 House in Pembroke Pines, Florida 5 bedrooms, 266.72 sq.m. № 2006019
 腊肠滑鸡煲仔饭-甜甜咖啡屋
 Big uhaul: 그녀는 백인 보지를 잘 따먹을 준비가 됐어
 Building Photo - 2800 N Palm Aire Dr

* * *

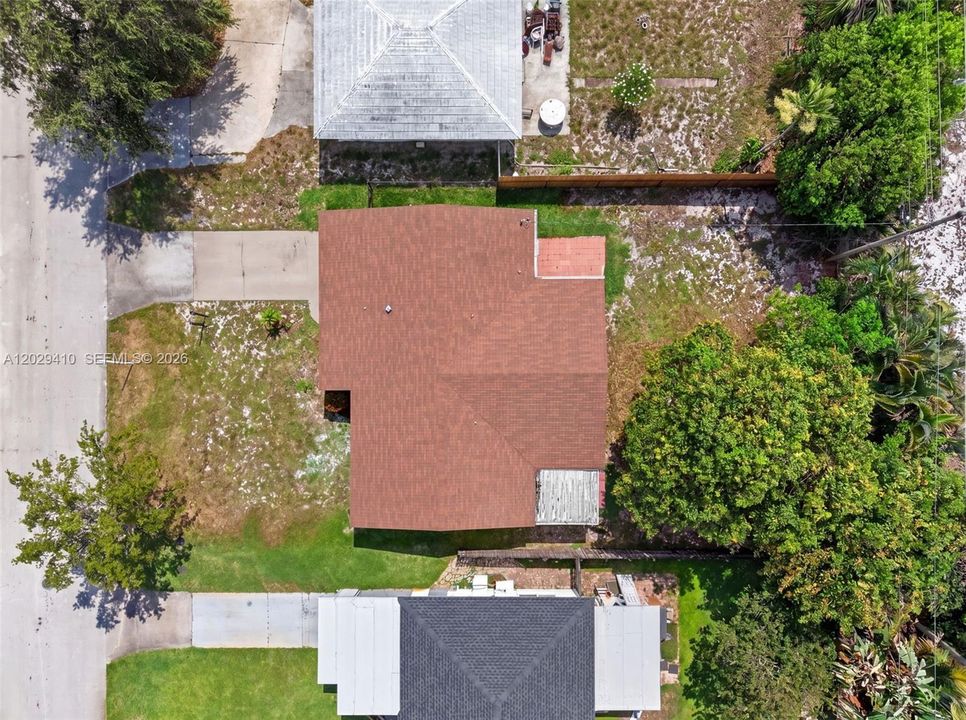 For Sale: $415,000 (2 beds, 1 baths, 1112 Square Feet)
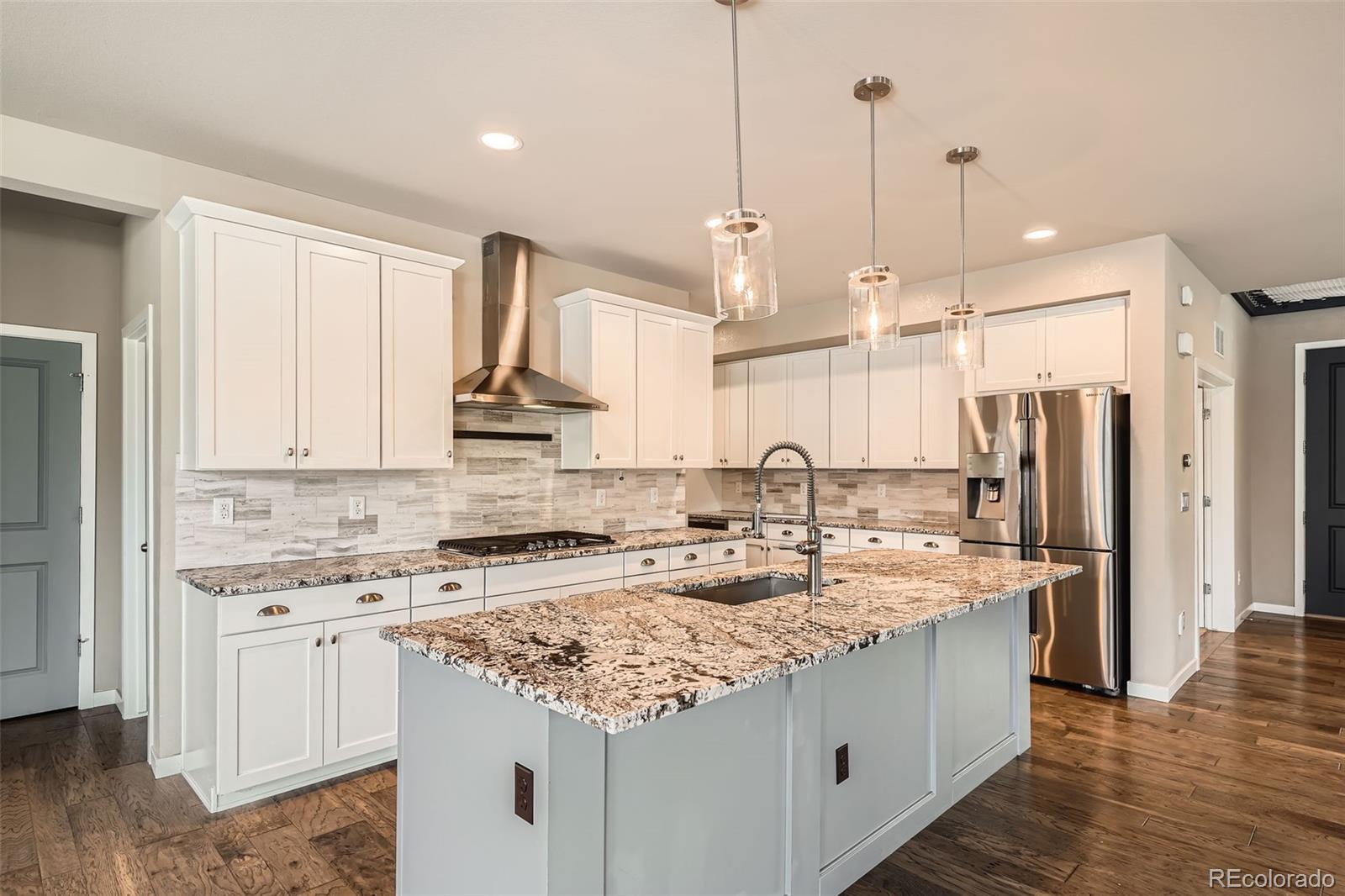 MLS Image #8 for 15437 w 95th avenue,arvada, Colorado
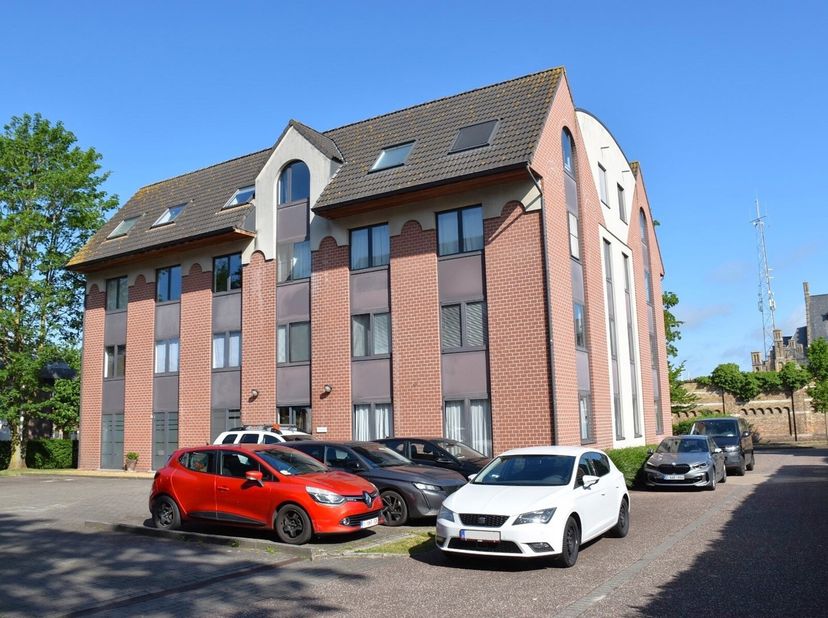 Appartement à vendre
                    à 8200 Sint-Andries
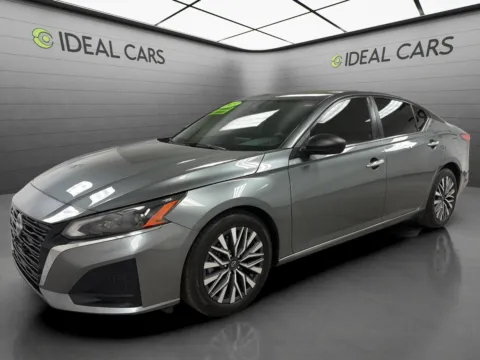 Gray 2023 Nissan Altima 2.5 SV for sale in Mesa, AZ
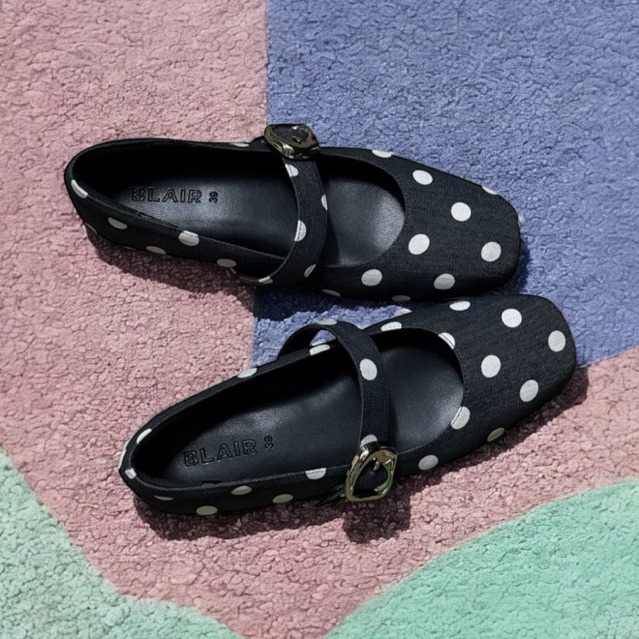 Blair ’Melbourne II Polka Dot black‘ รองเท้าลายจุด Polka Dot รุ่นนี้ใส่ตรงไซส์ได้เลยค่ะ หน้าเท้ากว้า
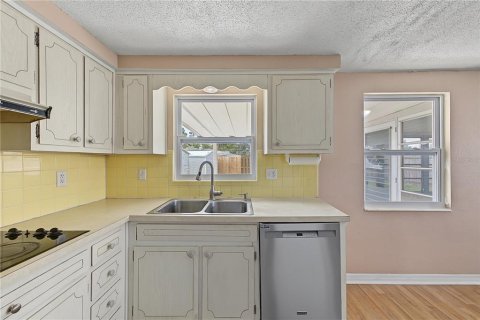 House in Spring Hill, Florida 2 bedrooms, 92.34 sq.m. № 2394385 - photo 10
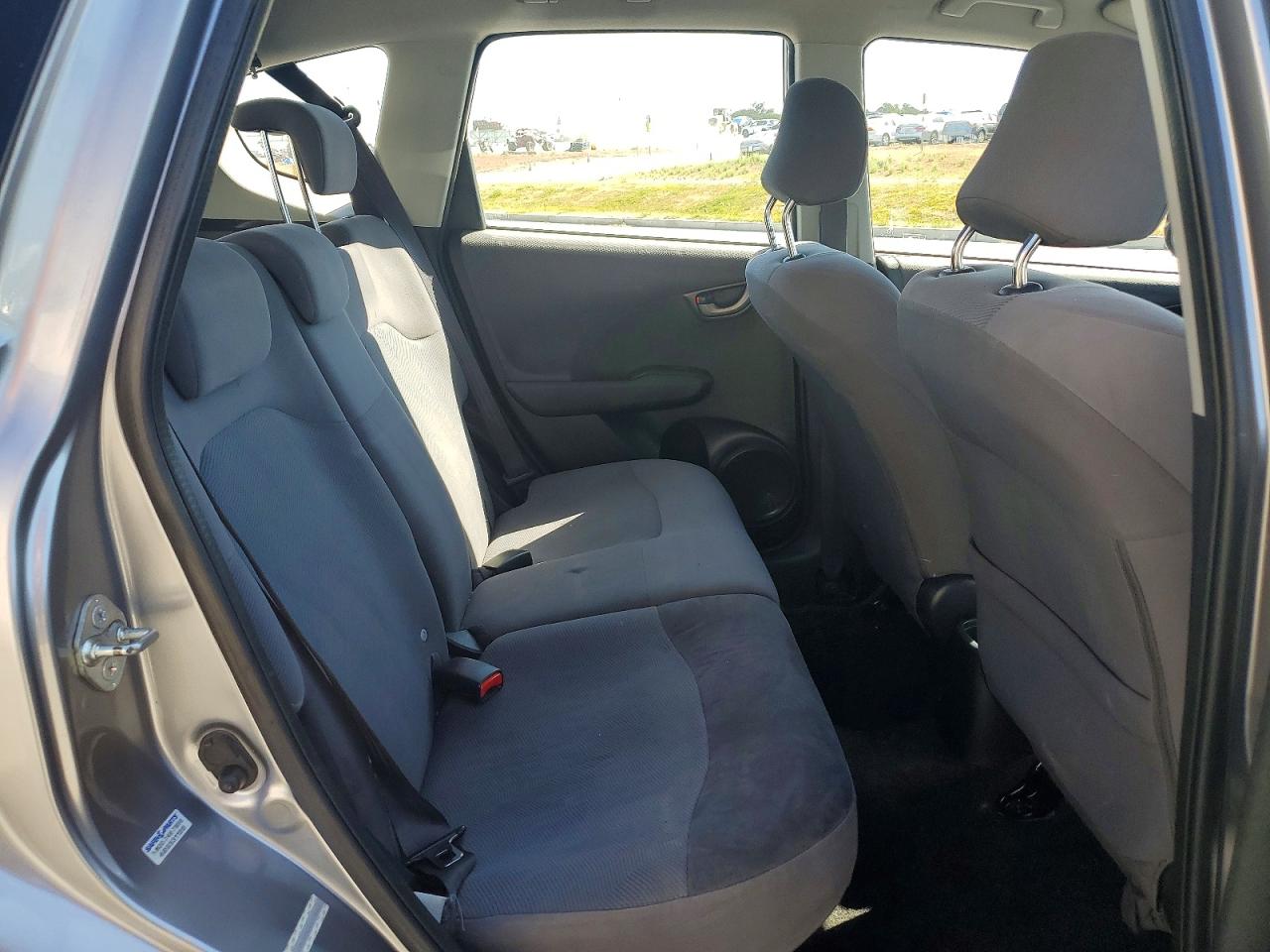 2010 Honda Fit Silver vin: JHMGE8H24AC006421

--

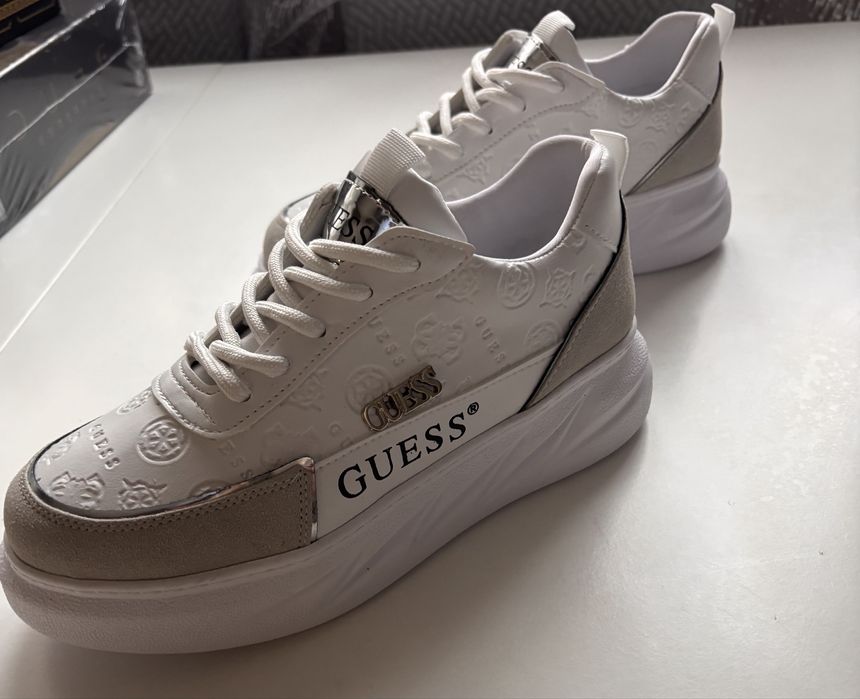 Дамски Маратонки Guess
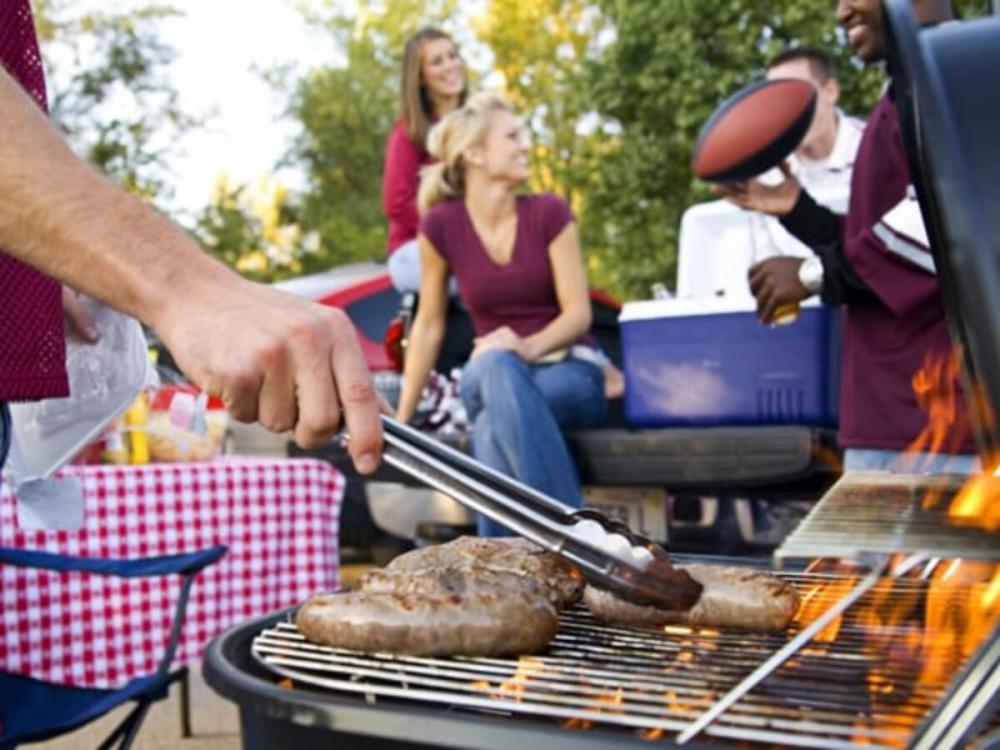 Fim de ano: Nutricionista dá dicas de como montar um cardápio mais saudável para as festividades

Assigned task
Looking back over the data above, restate word for word the lines that begin at the line with "腊肠滑鸡煲仔饭-甜甜咖啡屋" and end at the line with "Building Photo - 2800 N Palm Aire Dr", inclusive.

Answer to this task
 腊肠滑鸡煲仔饭-甜甜咖啡屋
 Big uhaul: 그녀는 백인 보지를 잘 따먹을 준비가 됐어
 Building Photo - 2800 N Palm Aire Dr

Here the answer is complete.